As you can see above, there are various models available based on the use case, and each one has its own advantages and disadvantages. So it always makes sense to compare the performance of the model against each other using benchmarking criteria and based on that, choose the preferred model. Once a model chosen its important to monitor the model on an ongoing performance as the performance of the model may degrade over time. Thus the parameters might need to be tweaked to make the model more effective or replaced by another model.
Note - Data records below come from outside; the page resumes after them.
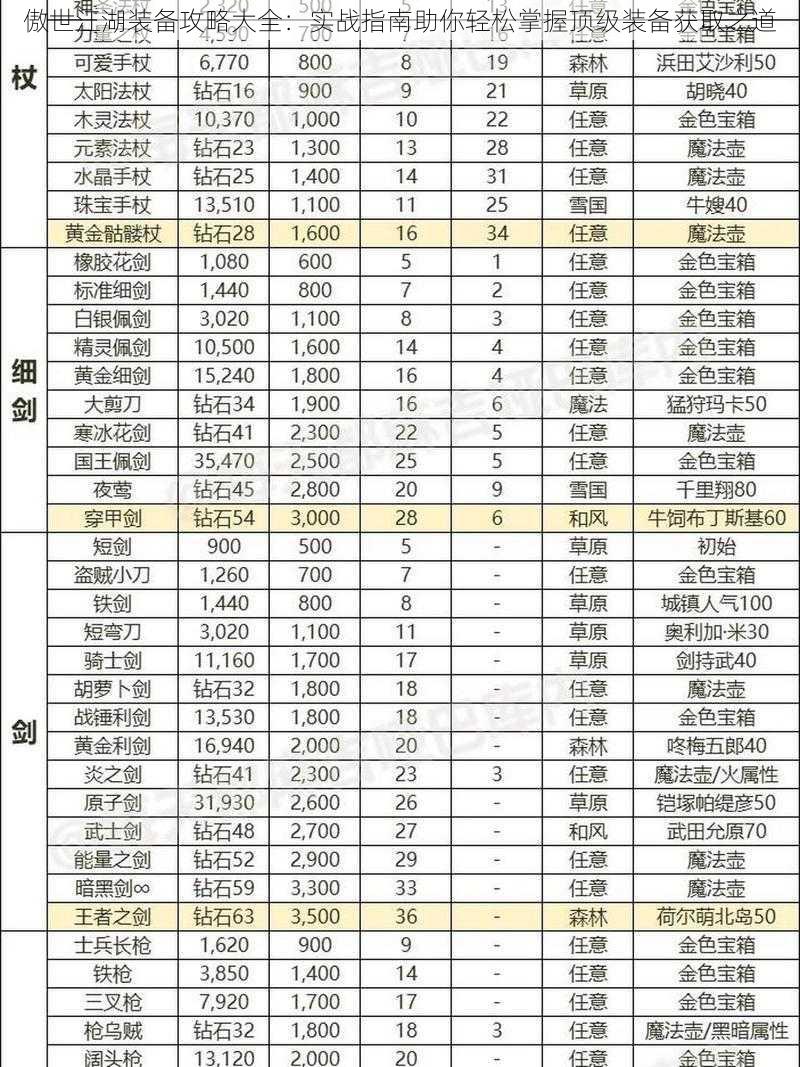 傲世江湖装备攻略大全：实战指南助你轻松掌握顶级装备获取之道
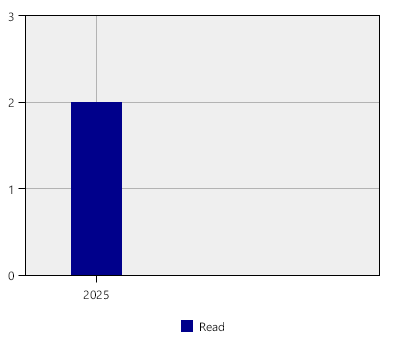stat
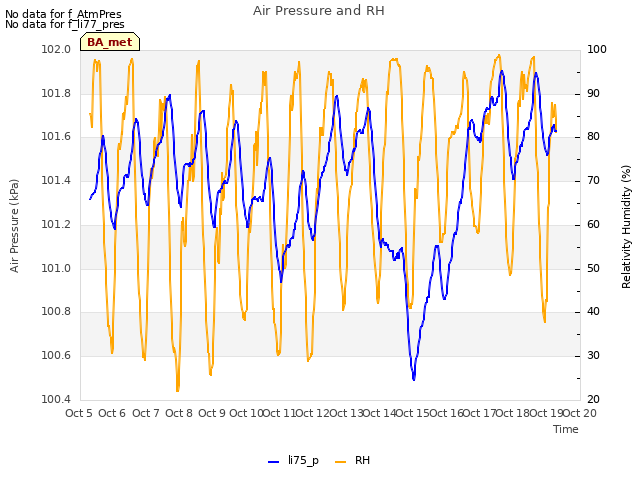 plot of Air Pressure and RH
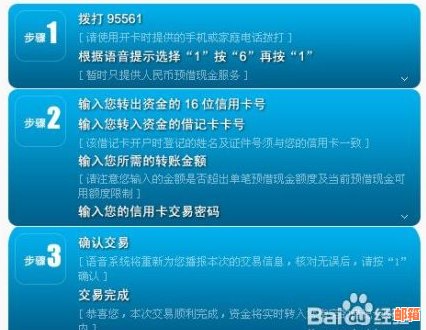 信用卡预借现金还款周期、安全性及操作策略全面解析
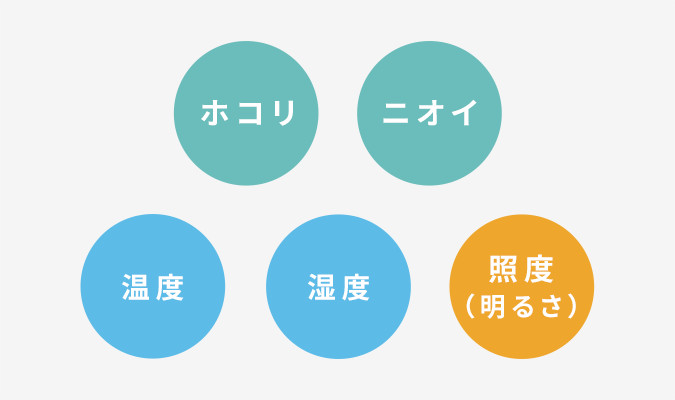 5つのセンサーで賢く運転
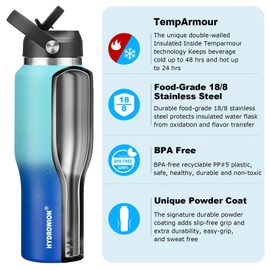 HYDROWION 32oz Water Bottle, Double Wall Vacuum Stainless Steel Insulated Water Flask with Straw Lid, Spout Lid and Flex Cap(Cold for 48 Hrs, Hot for 24 Hrs), Leakproof Travel Thermo Mug, Mint&Cobalt
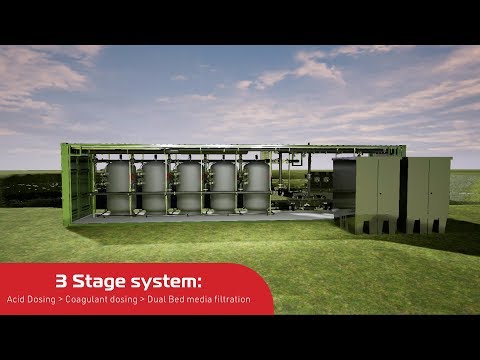 Poultry Farm Water Treatment System (Video Case Study)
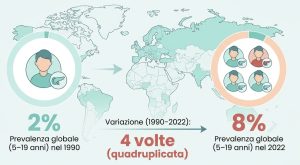 Diabete infantile in aumento: ecco 5 regole fondamentali per affrontarlo con successo.
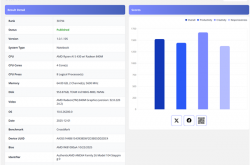 AMD入门移动APU锐龙AI 5 430现身：性能提升19%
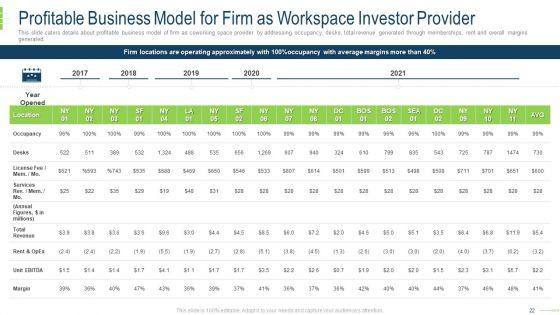 Flexible_Workspace_Investor_Financing_Elevator_Pitch_Deck_Ppt_PowerPoint_Presentation_Complete_With_Slides_Slide_22.jpg
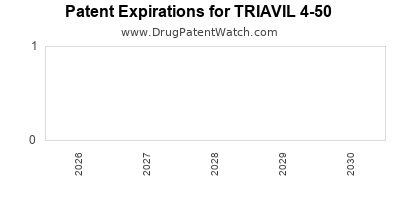 Drug patent expirations by year for TRIAVIL 4-50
Typically the types of metrics used for comparing models are
- Classification Measures: These measures include comparative criteria include the Receiver Operating Characteristic (ROC) charts and corresponding area under the curve, classification rates etc.
- Data Mining Measures: These measures include comparative criteria from the study of data mining include lift and gain measures and profit and loss measures.
- Statistical Measures: These measures include comparative criteria from statistical literature include Bayesian Information Criterion (BIC), Akaike’s Information Criterion (AIC), Gini statistics, Kolmogorov-Smirnov statistics, and Bin-Best Two-Way Kolmogorov-Smirnov tests.
While building, we must avoid overfitting (Learning based on variables which actually don’t have an influence) using regularization which reduces the magnitude of the coefficients so that the impact of individual variables is somewhat dulled.
Thus to build model effectively, it is important to bring the data together, enrich the data, build the models on the data, evaluate the best model and implement the model and constantly monitor the model performance to tune or replace the model as appropriate.